Sunday, August 10, 2008

so far... (pt 1)

How do I start?

Hmmm...

I havent been myself lately...

There has been too much served on my plate...

Things that need to be decided on...

---

Now, theres no intent on making 'parinig' here...

So, I dont mean to offend anyone...

I've been single for a bit over 6 months now...

Havent really 'played' the field yet...

A good thing has happened in the month that has passed...

I hoped things would have been better...

Was finally settling in on the thought...

but fate had other plans...

Ive been 'depressing' about it...

As Ive always been when it comes to matters of the heart...

But I know I shouldnt...

So I started picking up where I left off...

And just as I was getting back on my feet...

Fate once again 'teased' me...

This 'other' person...

The 'one' that Ive been so hung-up on...

Well, lets just that things have become cold between us...

and right now it makes reading 'him' a hundred times more difficult than before...

and so the vicious cycle repeats again...

And as if that wasnt enough, fate showed me how 'good' others have it...

Now I know, Ive changed alot since my 'heavy' days...

and Im so proud that Ive achieved such feat...

But I guess for some its just not enough...

I havent 'played' the game, but Ive been out and about...

Searching, looking...

And to no avail, well theres a couple that Ive met...
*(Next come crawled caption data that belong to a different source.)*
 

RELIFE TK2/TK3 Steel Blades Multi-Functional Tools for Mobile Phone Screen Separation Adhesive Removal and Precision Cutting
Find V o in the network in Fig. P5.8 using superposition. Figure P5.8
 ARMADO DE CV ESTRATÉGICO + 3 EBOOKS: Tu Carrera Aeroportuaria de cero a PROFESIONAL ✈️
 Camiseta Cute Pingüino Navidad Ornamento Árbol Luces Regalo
But seriously, Im just not interested...

Call me choosy... call me picky....

but come on... ive been 'discriminated' on by some...

why cant i do the same?

vicious cycle? - I know...

Anyway, going back...

I have this friend...

He's good looking, got a nice body and importantly he's got a good head on his shoulder...
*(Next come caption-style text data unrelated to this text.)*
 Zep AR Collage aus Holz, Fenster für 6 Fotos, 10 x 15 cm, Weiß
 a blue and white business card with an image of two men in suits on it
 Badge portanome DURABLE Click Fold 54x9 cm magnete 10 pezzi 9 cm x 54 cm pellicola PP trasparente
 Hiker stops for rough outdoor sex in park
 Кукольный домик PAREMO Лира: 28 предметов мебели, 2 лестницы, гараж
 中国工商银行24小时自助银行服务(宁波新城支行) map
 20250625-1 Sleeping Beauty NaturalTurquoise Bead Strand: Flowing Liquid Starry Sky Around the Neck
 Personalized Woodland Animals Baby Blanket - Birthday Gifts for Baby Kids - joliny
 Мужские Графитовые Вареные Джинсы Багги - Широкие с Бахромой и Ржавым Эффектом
And I dont blame anyone if they find him attractive...

What boggles me is that he doesnt need to do much...

And it just kills whatever confidence I have...

Just imagine, in the span of one week... he has managed to catch the attention of two guys by just being there...

What the hell...

Now tell me how unfair is that?

* sigh *

Friends tell me to not dwell to much on it and that the big-man up there showers everyone equally...

I have qualities that they dont have...

I guess so...

* thinks *

And I do have to thank you guys (you know who you are)...

For bearing with me, my stupidities and my insecurities...

Thanks...

continued...

1 comment:

lucienium said...

"I have this friend...

He's good looking, got a nice body and importantly he's got a good head on his shoulder...

And I dont blame anyone if they find him attractive...

What boggles me is that he doesnt need to do much...

And it just kills whatever confidence I have...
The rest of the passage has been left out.